This post has already been read 16614 times!
Hans de Leenheer blogged about Nexenta again good post about Nexenta failover techniques.
1) Disk management:
The first part of failover management is still plane old ZFS. It’s the way disks work together, how I/O is handled and how data corruption is avoided.
- Storage Pool: a set of (equally configured) vDEVs
- vDEV: a set of disks with a certain protection level
- RAIDZ: first form of physical disks protection level. Examples:
- RAIDZ-5: 4 disks data, 1 disk parity
- RAIDZ2-6: 4 disks data, 2 disks parity
- RAIDZ3-9: 6 disks data, 3 disks parity
- Mirrored Disks: second form of physical disks protection level. Here too you have multiple choices of failover (dual-mirror, triple-mirror, …)
Stripes: writes are striped across all members of a vDEV, therefore the speed/bandwidth will be truncated by the slowest member. To add bandwith/IOPS, add more vDEVs. But this is for parallel IO streams! One IO stream = 1 vDEV.
RAID5 write-hole: ZFS is protected against the RAID5 write-hole because it does copy-on-write instead of read-modify-write.

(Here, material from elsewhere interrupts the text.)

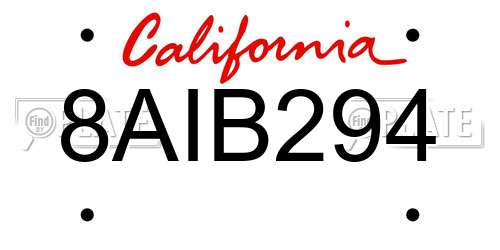 8AIB294 California License Plate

If in case of a power failure some blocks are not completely acknowledged (incl parity-check), nothing would have happened.
Physical disk-enclosure failover: if you design smart, you could even design for disk-enclosure failover by aligning the vDEV physical disks vertically (1 per enclosure)
2) System Scale:
The next step is in-system scale. It’s not really high availability but an equally important step in the story going forward. Because you benefit a lot by a bigger bandwith with ZFS you’d want to "scale-out" first inside your system and then go to "scale-up". Here you find a simplified example of that.
So instead of daisy chaining the 3 first nodes and then adding a second and 3rd loop I did it the other way around so you’d have 3 loops of 6Gbps SAS connectivity from the beginning.
Remark: this is a theoretical model. I would have to doublecheck with the solutions team before designing this for a customer.